#### Items from a dataset
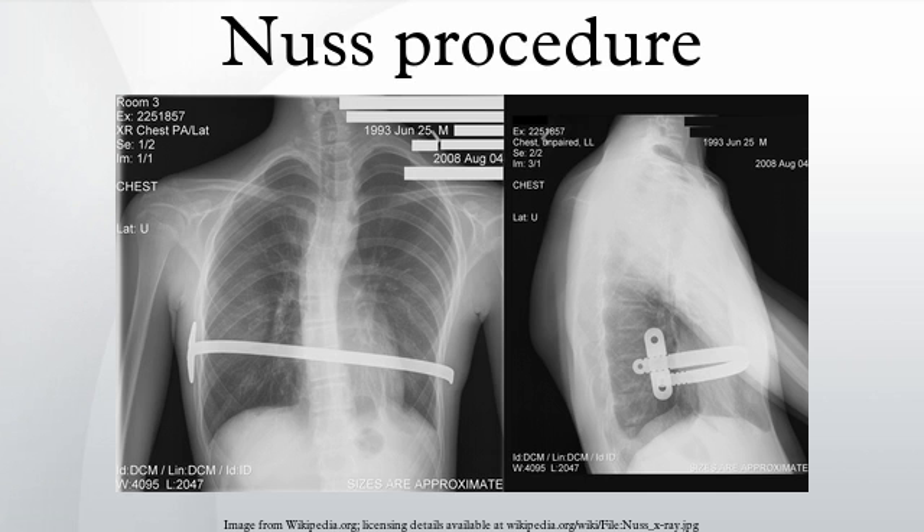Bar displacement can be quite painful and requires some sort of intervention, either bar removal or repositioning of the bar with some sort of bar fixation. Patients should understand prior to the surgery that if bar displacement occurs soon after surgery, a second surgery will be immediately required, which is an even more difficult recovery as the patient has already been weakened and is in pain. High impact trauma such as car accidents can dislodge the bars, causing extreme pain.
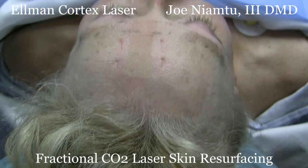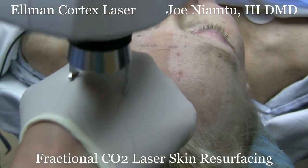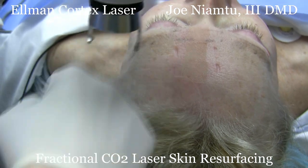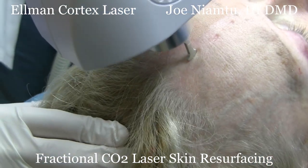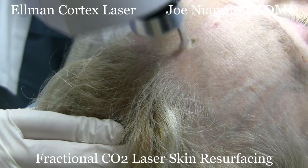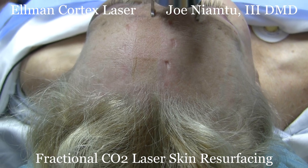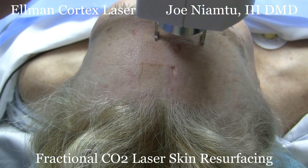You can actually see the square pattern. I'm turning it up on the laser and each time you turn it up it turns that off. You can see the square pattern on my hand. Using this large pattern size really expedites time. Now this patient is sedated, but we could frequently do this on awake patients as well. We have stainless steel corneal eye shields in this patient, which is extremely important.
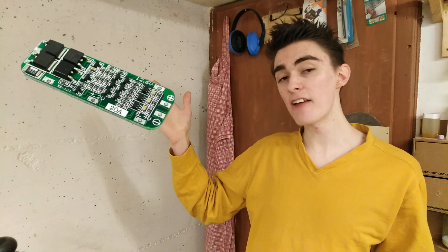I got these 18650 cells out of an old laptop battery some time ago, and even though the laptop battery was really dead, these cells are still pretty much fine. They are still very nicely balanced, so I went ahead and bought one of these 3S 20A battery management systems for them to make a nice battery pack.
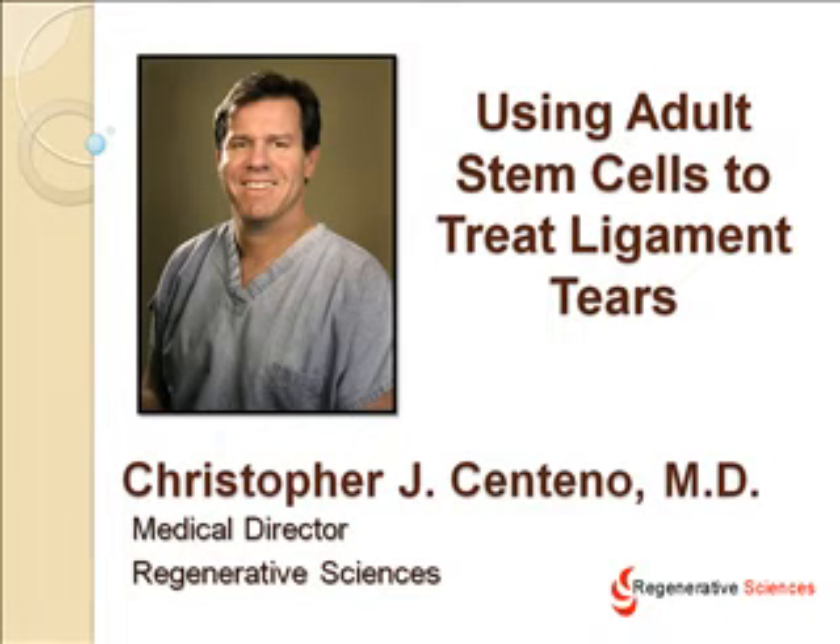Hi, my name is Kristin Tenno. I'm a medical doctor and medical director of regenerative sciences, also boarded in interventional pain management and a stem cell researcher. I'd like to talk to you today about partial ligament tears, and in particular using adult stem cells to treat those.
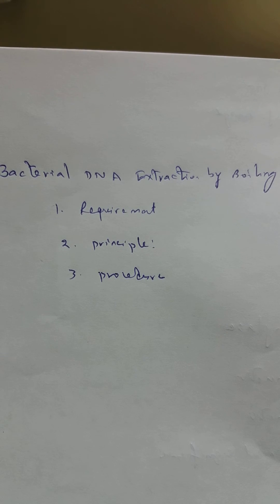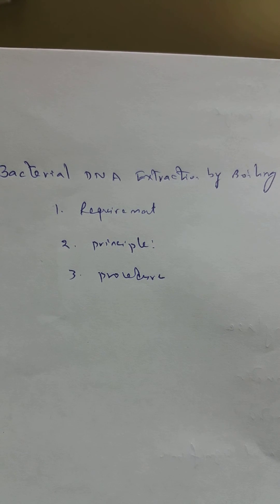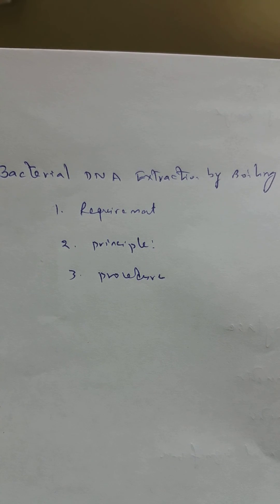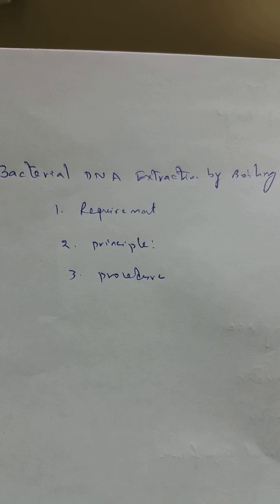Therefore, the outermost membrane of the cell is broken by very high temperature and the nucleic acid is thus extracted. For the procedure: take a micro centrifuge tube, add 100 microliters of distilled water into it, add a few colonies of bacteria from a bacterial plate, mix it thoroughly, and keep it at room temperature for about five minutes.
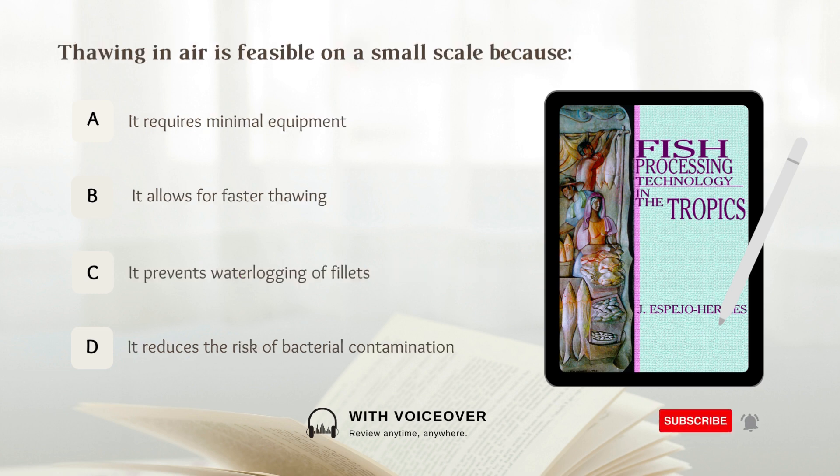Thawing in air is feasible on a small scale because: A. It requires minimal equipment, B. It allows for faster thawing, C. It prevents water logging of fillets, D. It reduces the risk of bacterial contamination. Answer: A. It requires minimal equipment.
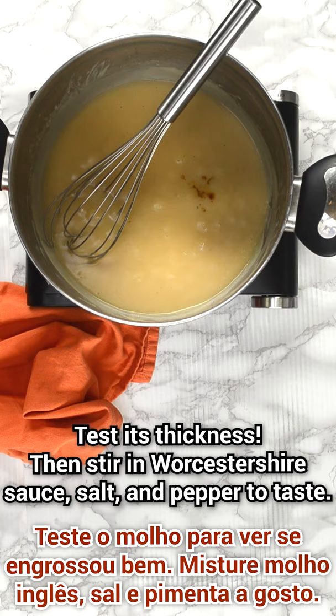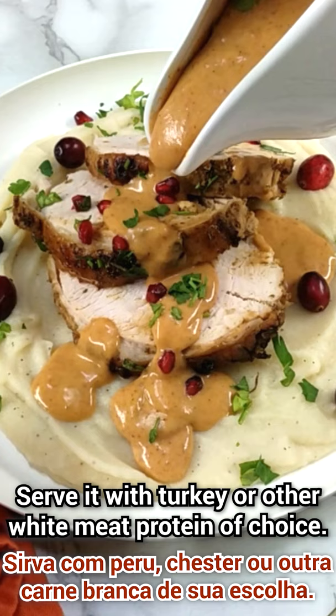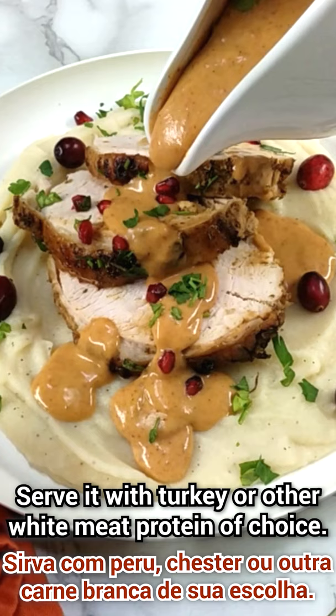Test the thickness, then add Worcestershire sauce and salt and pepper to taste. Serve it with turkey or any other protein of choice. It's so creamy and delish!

#### Activity
Reproduce the entries above word for word. Pictures stay out.

#### Exercise response
Bar displacement can be quite painful and requires some sort of intervention, either bar removal or repositioning of the bar with some sort of bar fixation. Patients should understand prior to the surgery that if bar displacement occurs soon after surgery, a second surgery will be immediately required, which is an even more difficult recovery as the patient has already been weakened and is in pain. High impact trauma such as car accidents can dislodge the bars, causing extreme pain.
You can actually see the square pattern. I'm turning it up on the laser and each time you turn it up it turns that off. You can see the square pattern on my hand. Using this large pattern size really expedites time. Now this patient is sedated, but we could frequently do this on awake patients as well. We have stainless steel corneal eye shields in this patient, which is extremely important.
I got these 18650 cells out of an old laptop battery some time ago, and even though the laptop battery was really dead, these cells are still pretty much fine. They are still very nicely balanced, so I went ahead and bought one of these 3S 20A battery management systems for them to make a nice battery pack.
Hi, my name is Kristin Tenno. I'm a medical doctor and medical director of regenerative sciences, also boarded in interventional pain management and a stem cell researcher. I'd like to talk to you today about partial ligament tears, and in particular using adult stem cells to treat those.
Therefore, the outermost membrane of the cell is broken by very high temperature and the nucleic acid is thus extracted. For the procedure: take a micro centrifuge tube, add 100 microliters of distilled water into it, add a few colonies of bacteria from a bacterial plate, mix it thoroughly, and keep it at room temperature for about five minutes.
Thawing in air is feasible on a small scale because: A. It requires minimal equipment, B. It allows for faster thawing, C. It prevents water logging of fillets, D. It reduces the risk of bacterial contamination. Answer: A. It requires minimal equipment.
Test the thickness, then add Worcestershire sauce and salt and pepper to taste. Serve it with turkey or any other protein of choice. It's so creamy and delish!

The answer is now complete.